I want to take Throat of These Hours to the United States, take my response to Muriel ‘back home’ to her place, even though her work belongs to all the world. So the Muriel Rukeyser Centenary Symposium was a great place to start and I was thrilled to have the opportunity to give a Skype presentation. And I wanted to show the work-in-progress, not just to talk about it. A filmed reading and performance of Chris White’s songs was the only way.
Two weeks before this morning’s presentation at the symposium, I finished the second draft of the Throat of These Hours and – with my beloved writing buddy – chose three related extracts to film. Found the cast and crew, all people I love working with or wanted to work with. Made a date to film seventeen pages of dialogue in three continuous chunks; and two associated songs. Max Schleser organised a perfect space for us at Massey University – a mixing suite that looks a bit like a radio station – and some equipment. Suggested three students to work with us.
Friday a week ago Chris White emailed through her settings for two Rukeyser poems. I listened to them and wept. So beautiful.

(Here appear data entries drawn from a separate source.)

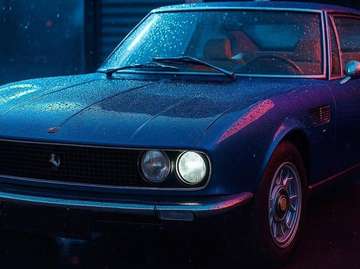 Coupè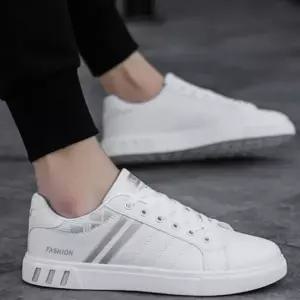 남성용 데일리 경량 쿠션 러닝화 워킹 조깅 헬스 트레이닝 운동화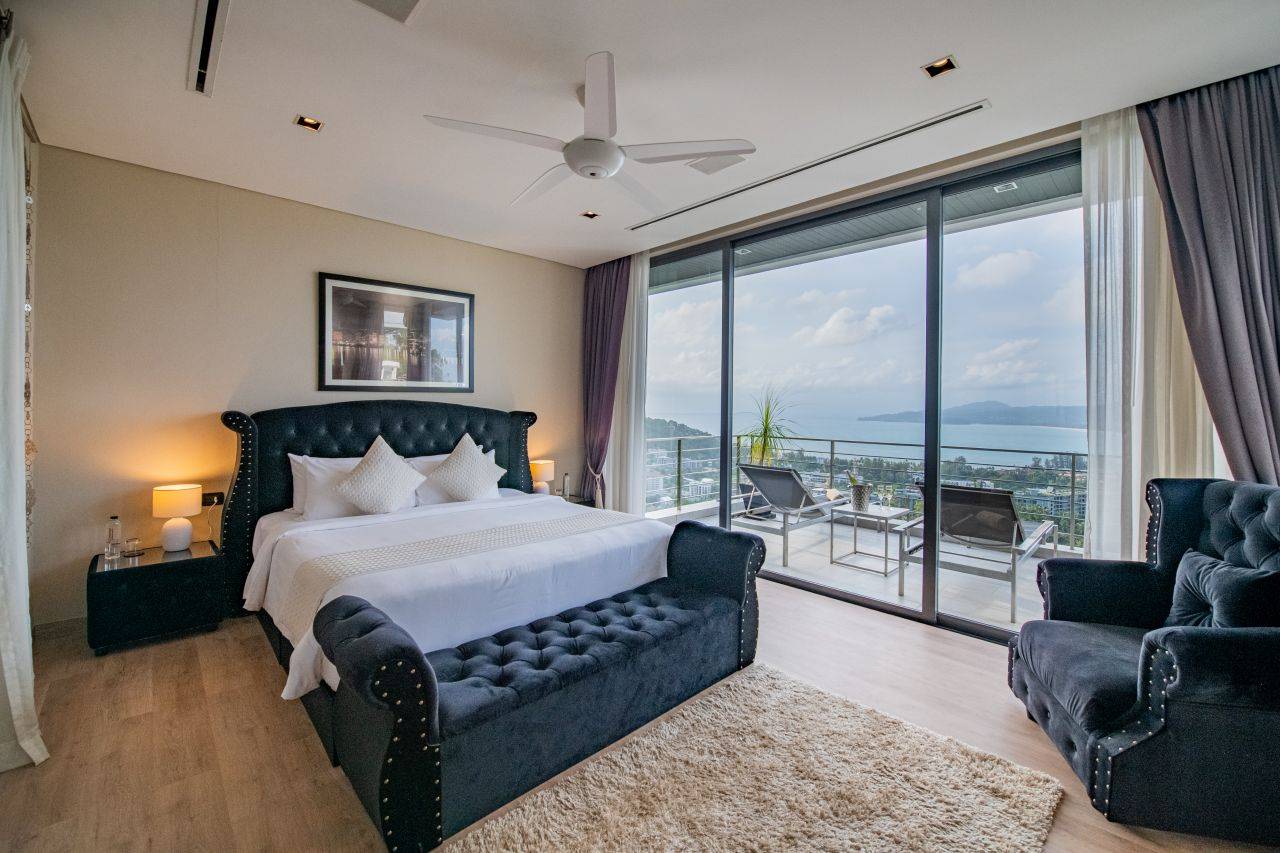 Villa 407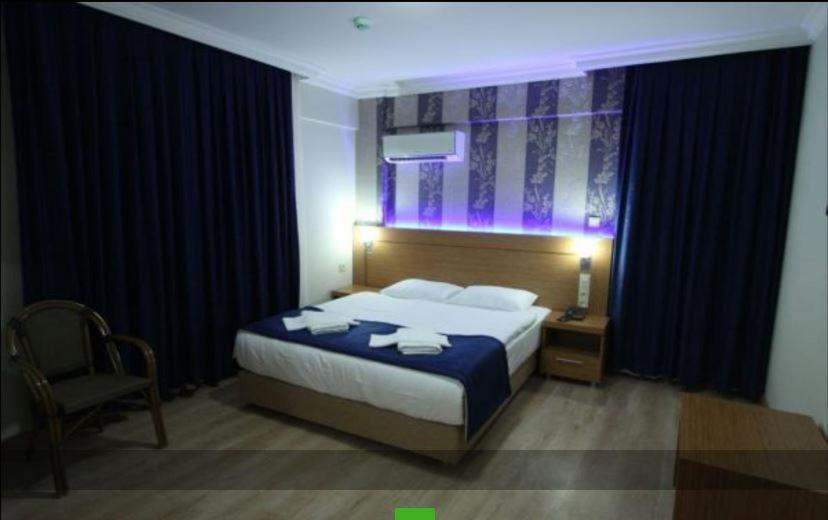 Sirius Mi Çeşme Dış mekan fotoğraf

Then, last Tuesday , we spent the morning filming Chris performing her compositions. And the afternoon filming three related scenes. An intense adjustment, moving from solitary writer to producer (location, equipment, payment, food) and then to directing. And I didn’t get some of it right, as when as director I forgot to give the conventional cues – not quite the same as the ‘Everyone ready? Yep? Action–‘ from last year’s 48 Hours competition; I even (blush) forgot to say ‘cut’ now and then.
But worst of all, I repeated a mistake I made three years ago, with Development-the-movie. The longest sustained shoots I’ve been part of were for a fast-turnaround children’s television series, where the rule of thumb was that a page of script equalled a minute on screen. And that became heavily embedded in my consciousness, with serious consequences for Development. How did I not remember? John Conly, who did a wonderful job on set with the sound, with assistance from students Mon Patel and Nathan Foon, took the footage away to assemble on his own. Then brought it to me on Thursday for the hour he had available. The assembly was thirty-seven minutes long, for a presentation to last an hour, and include an intro and a Q & A. As John said, we’d shot almost half a feature in a single day. No wonder we were tired, though we started at 8.30 and finished at 4.30. Please, let me remember for ever-and-always that my writing takes two minutes per page on screen.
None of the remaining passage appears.